PARIS: La gauche s'est insurgée mardi contre l'absence de minute de silence à l'Assemblée nationale en hommage à Aboubakar Cissé, tué de plusieurs dizaines de coups de couteau vendredi dans une mosquée du Gard.

La France insoumise, qui appelle à une "mobilisation nationale contre l'islamophobie" le dimanche 11 mai, a demandé à la présidente de l'Assemblée nationale, Yaël Braun-Pivet, qu'une minute de silence soit observée mardi en ouverture de la séance des questions au gouvernement.

Le parti de gauche a toutefois annoncé avoir essuyé un refus de Mme Braun-Pivet au motif qu'il "n'y a pas de minute de silence pour des cas individuels", a rapporté Aurélie Trouvé, députée LFI (Seine-Saint-Denis).

La question a été soulevée en conférence des présidents, mais n'a pas recueilli de majorité de voix selon une source parlementaire, qui souligne que cette instance a décidé fin janvier "de ne plus faire de minutes de silence pour des cas individuels".

"On n'est pas sur un cas individuel, on est sur un meurtre islamophobe, sur un climat islamophobe dans le pays, et ne pas rendre hommage à Aboubakar Cissé est une très grave faute politique", a déploré le député LFI Thomas Portes.

Le premier secrétaire du Parti socialiste, Olivier Faure, s'est dit sur X "scandalisé par le refus de Yaël Braun-Pivet d'accorder une minute de silence en hommage à Aboubakar Cissé". "Cet hommage républicain doit être rendu dans l'hémicycle", a abondé sur le même réseau social le patron des députés PS Boris Vallaud.

Benjamin Lucas, porte-parole du groupe écologiste, a lui-aussi regretté l'absence de cette minute de silence qui "aurait été un bon signal" envers "nos compatriotes musulmans qui sont insultés, injuriés en permanence".

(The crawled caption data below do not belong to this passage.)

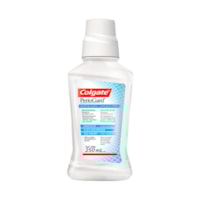 PERIOGARD SEM ALCOOL 250ml COLGATE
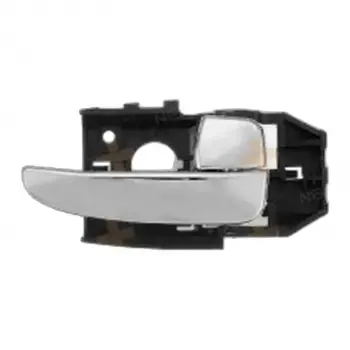 Kapi Ic Acma Kolu Sag Krom Elantra 2001-2007 13 272 606 Nextpart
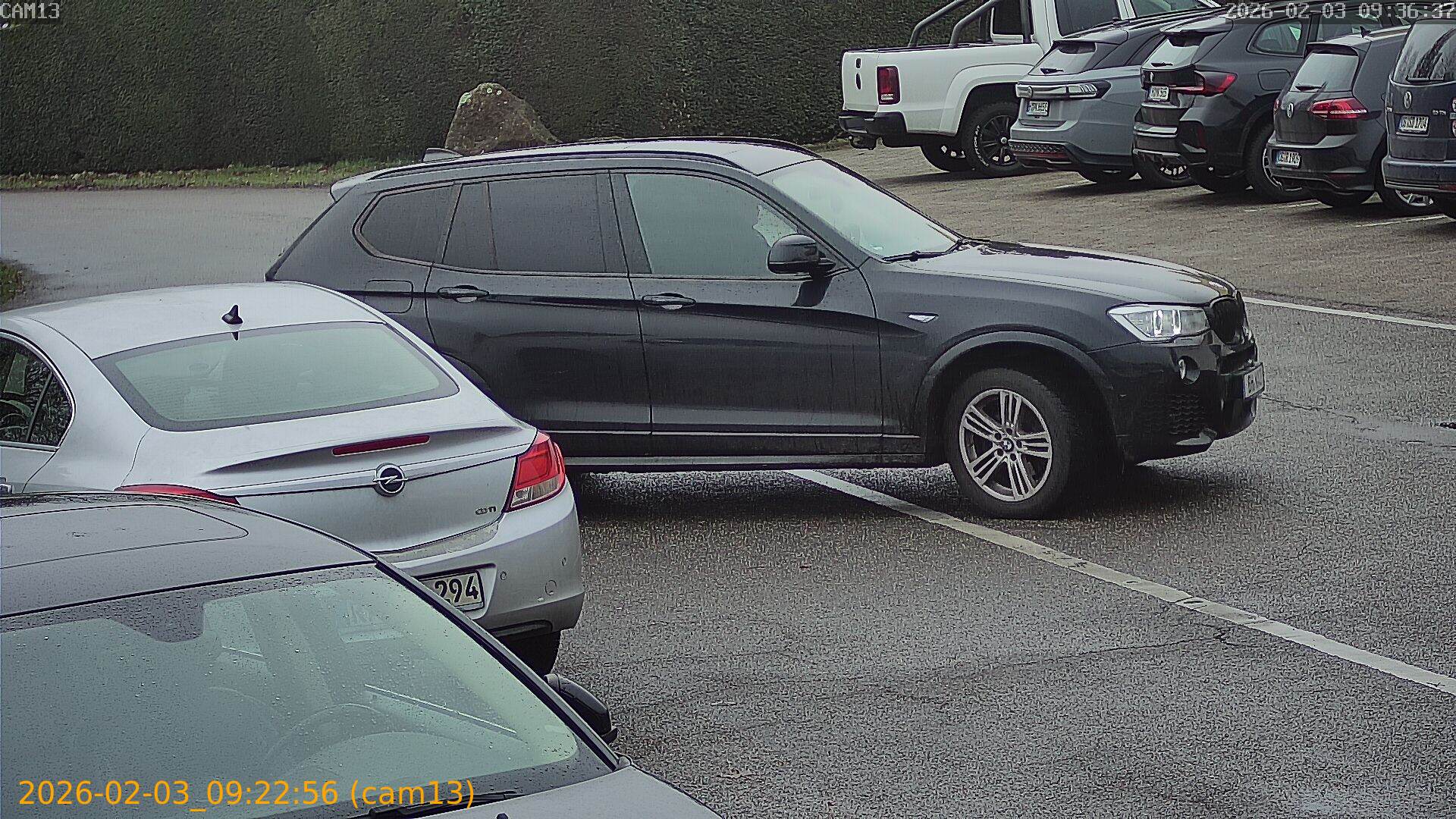 thumbnail_20260203092256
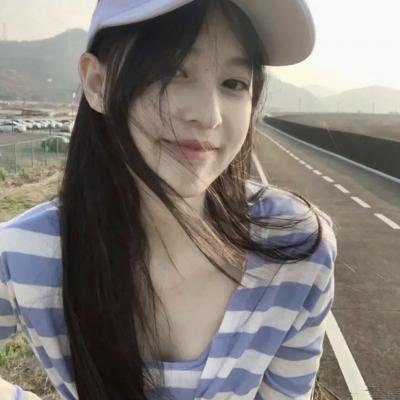 青石告白·终章海报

Une décision également "vivement regrettée" par Stéphane Peu, chef du groupe communiste à l'Assemblée nationale. Son groupe posera mardi après-midi une question au gouvernement sur le meurtre d'Aboubakar Cissé.

Réunis autour de membres de la famille d'Aboubakar Cissé, mardi à l'Assemblée nationale, plusieurs leaders de gauche dont Olivier Faure et l'écologiste Marine Tondelier, ont insisté pour que cette minute de silence puisse avoir lieu.